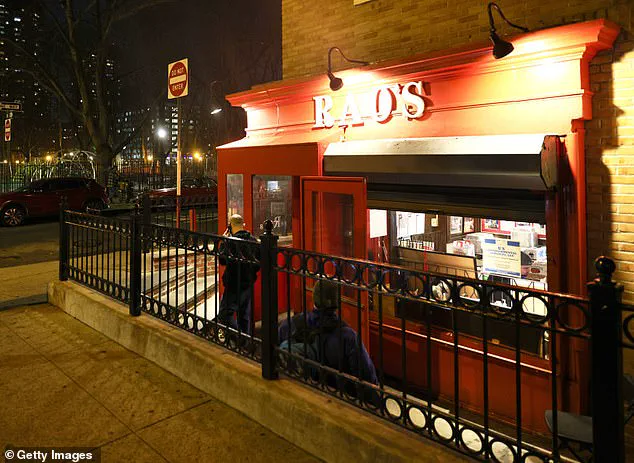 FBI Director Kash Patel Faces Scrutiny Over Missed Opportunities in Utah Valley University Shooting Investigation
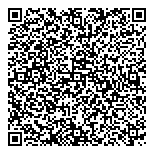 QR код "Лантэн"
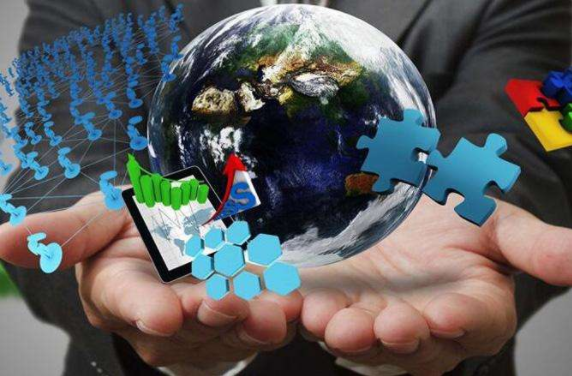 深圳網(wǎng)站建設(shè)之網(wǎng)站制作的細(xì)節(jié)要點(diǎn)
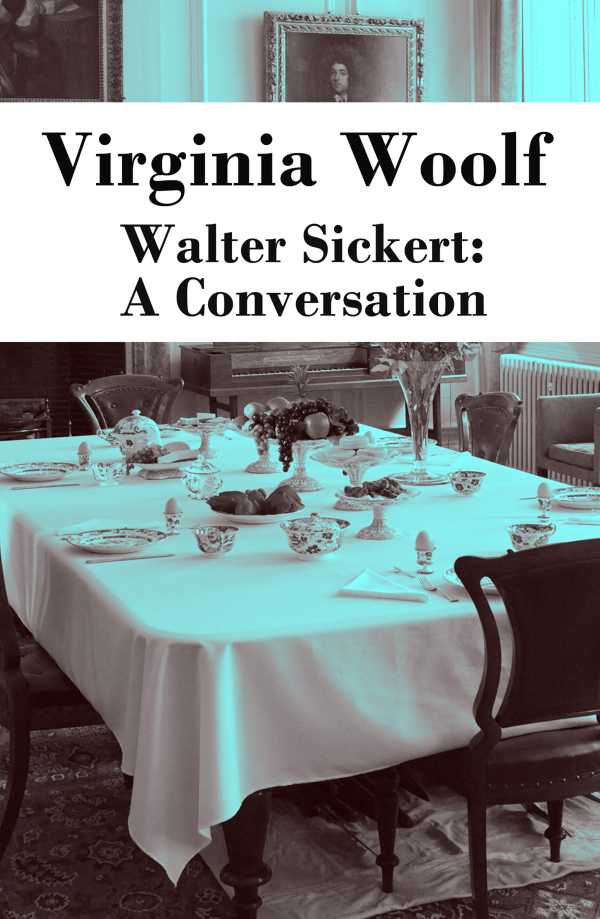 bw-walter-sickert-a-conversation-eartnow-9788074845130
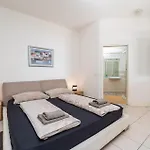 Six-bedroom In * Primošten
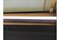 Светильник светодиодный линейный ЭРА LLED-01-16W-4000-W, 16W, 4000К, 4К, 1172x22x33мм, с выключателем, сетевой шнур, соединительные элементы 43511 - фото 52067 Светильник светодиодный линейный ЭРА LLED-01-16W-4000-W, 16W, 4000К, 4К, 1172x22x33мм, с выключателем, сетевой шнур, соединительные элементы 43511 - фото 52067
-------
ACTION ITEM: Copy out the entries exactly. No pictures.

RESPONSE BOX:
 FBI Director Kash Patel Faces Scrutiny Over Missed Opportunities in Utah Valley University Shooting Investigation
 QR код "Лантэн"
 深圳網(wǎng)站建設(shè)之網(wǎng)站制作的細(xì)節(jié)要點(diǎn)
 bw-walter-sickert-a-conversation-eartnow-9788074845130
 Six-bedroom In * Primošten
 Светильник светодиодный линейный ЭРА LLED-01-16W-4000-W, 16W, 4000К, 4К, 1172x22x33мм, с выключателем, сетевой шнур, соединительные элементы 43511 - фото 52067 Светильник светодиодный линейный ЭРА LLED-01-16W-4000-W, 16W, 4000К, 4К, 1172x22x33мм, с выключателем, сетевой шнур, соединительные элементы 43511 - фото 52067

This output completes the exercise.